Local Meeting Transcription
Drop a Zoom recording in. Get a timestamped, speaker-labeled transcript out. Everything runs locally — no audio leaves your machine.
A local government office needed transcripts of their weekly council meetings. The recordings were Zoom files — sometimes over an hour long, multiple speakers, cross-talk, varying audio quality. They needed to know who said what and when.
Cloud transcription services could handle it, but the content included sensitive municipal discussions — budget decisions, personnel matters, legal deliberations. Uploading that audio to a third-party server wasn't acceptable. They needed a solution that ran entirely on their own hardware.

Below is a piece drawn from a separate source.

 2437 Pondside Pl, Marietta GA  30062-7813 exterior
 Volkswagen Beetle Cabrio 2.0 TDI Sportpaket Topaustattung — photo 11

I built a single-command pipeline that takes any audio or video file and produces a complete, speaker-labeled transcript as both plaintext and formatted PDF. The entire process runs locally on a GPU-equipped server with no internet connection required.
The pipeline runs in five stages: audio extraction from the source file, speech-to-text transcription using NVIDIA's Parakeet model through NeMo, speaker diarization using pyannote.audio to identify who's talking when, alignment of the transcript text with speaker labels, and formatted output generation with timestamps and speaker names.
Long recordings are automatically chunked into segments with overlap to stay within GPU memory limits — the system handles multi-hour meetings on a 12GB card without running out of memory. Speaker names can be mapped through a simple config file so the output reads "Mayor Smith" instead of "Speaker 01."
Timestamped, speaker-labeled transcript — motions, votes, and discussion automatically attributed to individual speakers.
Organized output — date-stamped directory with transcript files and formatted PDFs ready to file or distribute.
Fully Local Processing — Every model runs on local hardware. No audio is uploaded anywhere. No API keys needed. No subscription costs. Once installed, it runs indefinitely with no ongoing expenses.
Automatic Speaker Identification — The system identifies individual speakers and labels every line of the transcript with who said it. It handles cross-talk, interruptions, and varying numbers of participants without manual configuration.
Long Recording Support — Recordings of any length are handled automatically. The system chunks long audio into overlapping segments, transcribes each one, and stitches the results together seamlessly. Multi-hour recordings work on modest hardware.
Multiple Input Formats — Accepts MP4, M4A, MP3, WAV, MKV, MOV, AAC, FLAC, and OGG. Zoom recordings work directly without conversion.
Formatted Output — Produces both plaintext and PDF transcripts with timestamps, speaker labels, and clean formatting. Ready to file, share, or use as input for further processing.
Batch Processing — Drop multiple recordings into the input folder and the system processes them all sequentially. Already-processed files are skipped automatically.
Speaker Name Mapping — A simple JSON config maps generic speaker labels to real names. Set it once for recurring meetings and every future transcript uses the correct names.
Drop-In Architecture — No daemon, no service, no persistent state. The tool runs when called and exits when done. Designed to be invoked by other systems — an AI assistant, a cron job, a wrapper script — so it fits into existing workflows rather than requiring everything to revolve around it.
This tool was built for a specific client and is in active use. It processes weekly meeting recordings on local hardware with no cloud dependency and no ongoing subscription costs. The output serves as the basis for official records.
A 2.5-hour recording produces a complete speaker-labeled transcript in roughly 10-15 minutes of processing time on a single 12GB GPU.
Built from scratch in Python to solve a specific real-world problem for a real client. No wrapper around an existing product — a custom pipeline designed around the actual workflow and privacy requirements of the use case.
If your organization records meetings, interviews, hearings, or any other audio that needs transcription — and you can't or don't want to send that audio to a cloud service — this is the kind of tool I build. The transcription pipeline is adaptable to different formats, different output templates, and different hardware configurations.
It's also an example of how I approach projects generally: understand the actual workflow, identify the real constraints (in this case, privacy and cost), and build a tool that fits the problem rather than forcing the problem to fit an existing product.